§ **Directions for this task**:
Exclude the pictures, and otherwise reproduce the data in full.

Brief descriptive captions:
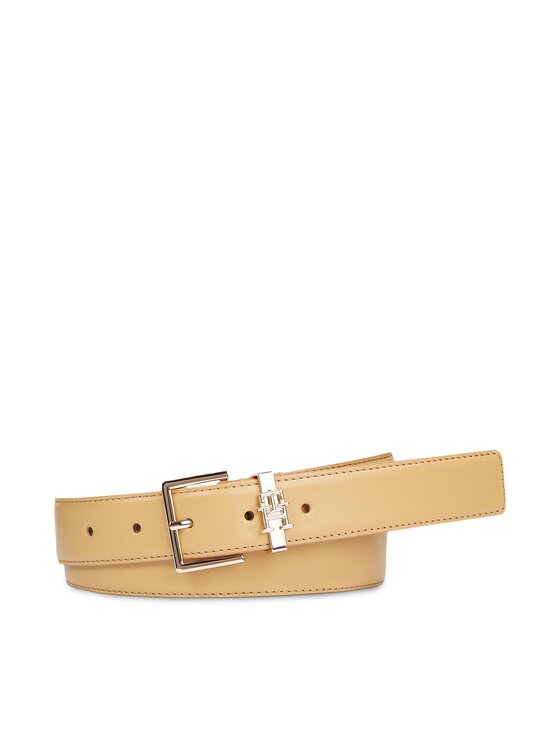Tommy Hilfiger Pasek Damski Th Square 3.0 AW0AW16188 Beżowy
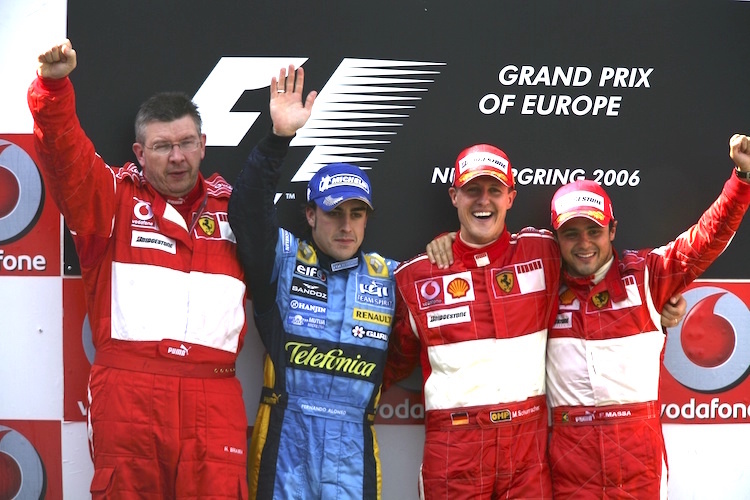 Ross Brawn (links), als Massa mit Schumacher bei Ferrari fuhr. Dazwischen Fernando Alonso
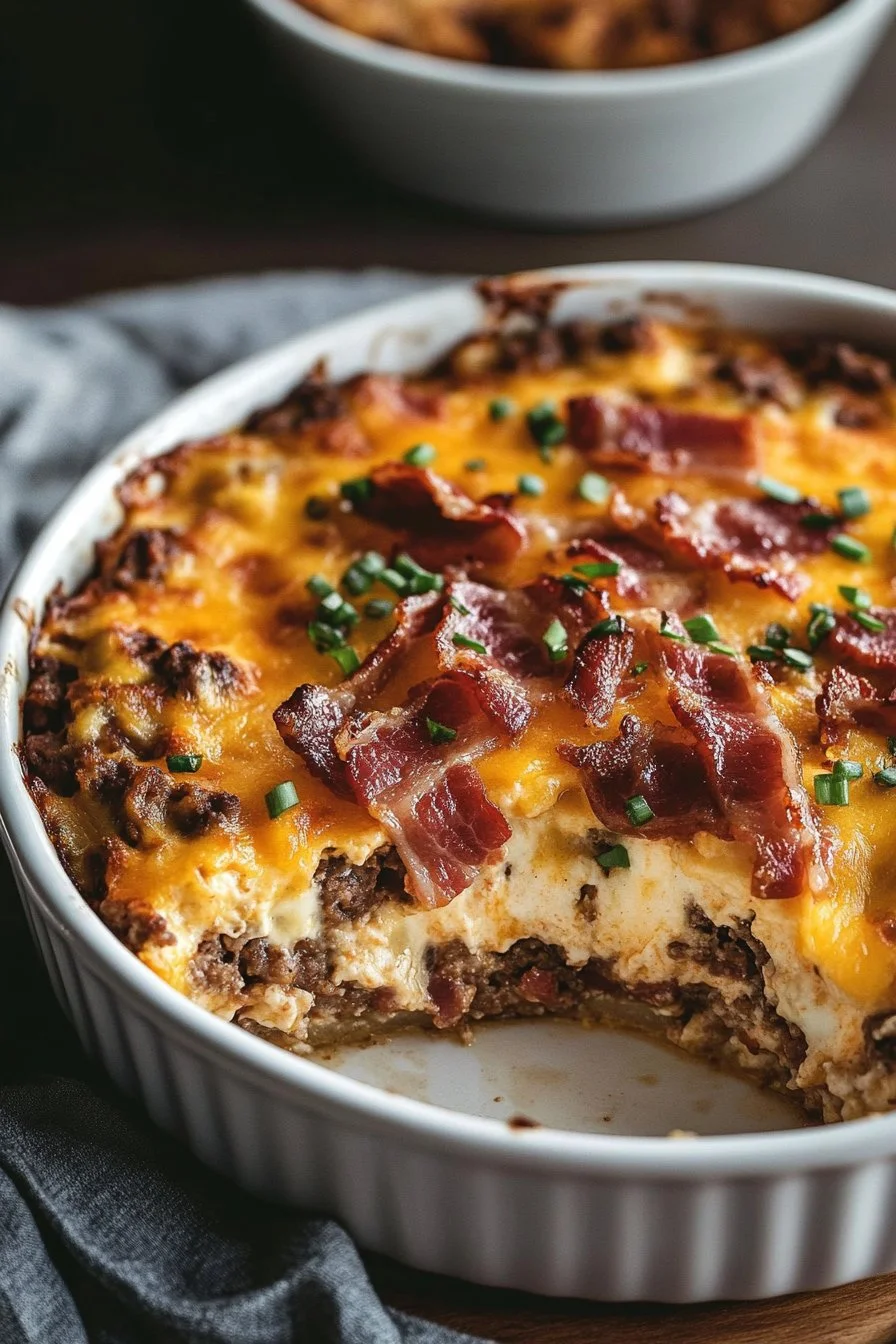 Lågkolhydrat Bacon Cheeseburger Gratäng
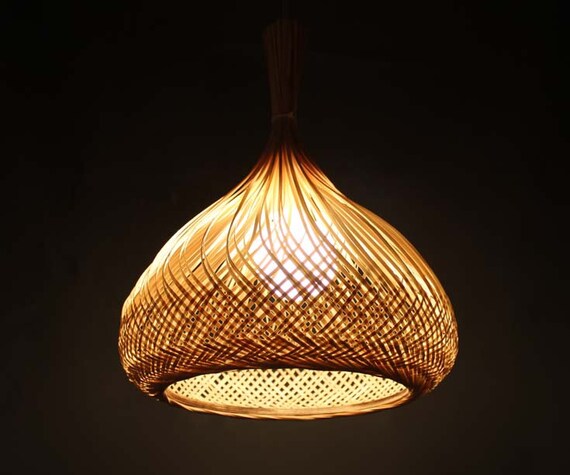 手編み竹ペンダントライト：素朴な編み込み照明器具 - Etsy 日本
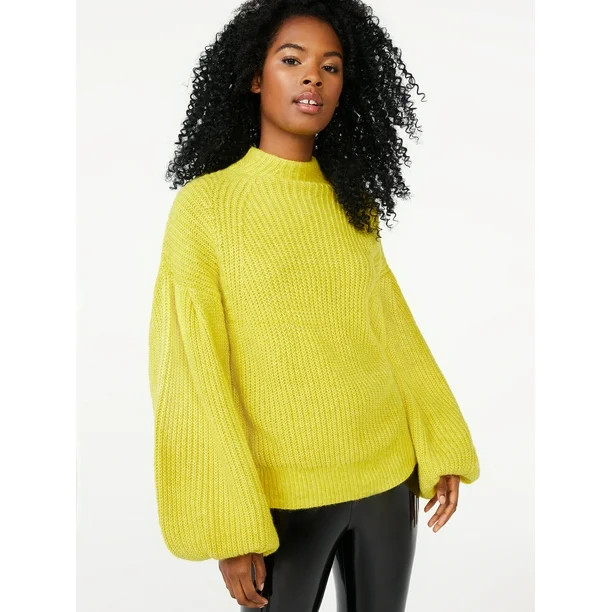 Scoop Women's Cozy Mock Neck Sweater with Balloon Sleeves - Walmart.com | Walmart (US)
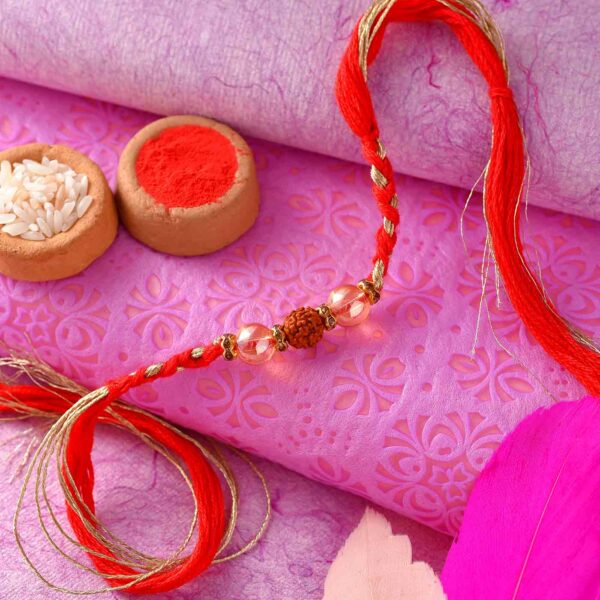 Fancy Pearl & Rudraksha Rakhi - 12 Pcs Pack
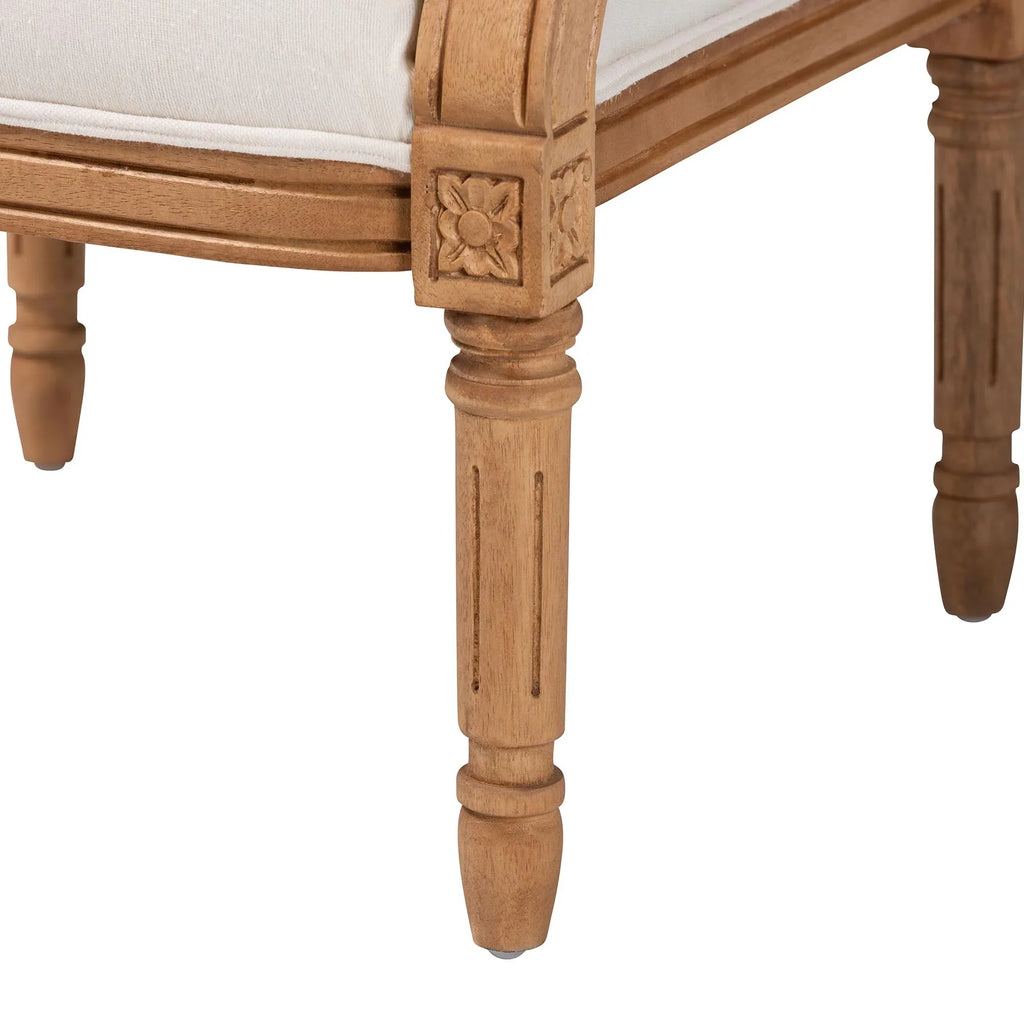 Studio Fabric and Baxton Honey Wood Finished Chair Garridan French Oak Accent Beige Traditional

§ **Answer for the task**:
Tommy Hilfiger Pasek Damski Th Square 3.0 AW0AW16188 Beżowy
 Ross Brawn (links), als Massa mit Schumacher bei Ferrari fuhr. Dazwischen Fernando Alonso
 Lågkolhydrat Bacon Cheeseburger Gratäng
 手編み竹ペンダントライト：素朴な編み込み照明器具 - Etsy 日本
 Scoop Women's Cozy Mock Neck Sweater with Balloon Sleeves - Walmart.com | Walmart (US)
 Fancy Pearl & Rudraksha Rakhi - 12 Pcs Pack
 Studio Fabric and Baxton Honey Wood Finished Chair Garridan French Oak Accent Beige Traditional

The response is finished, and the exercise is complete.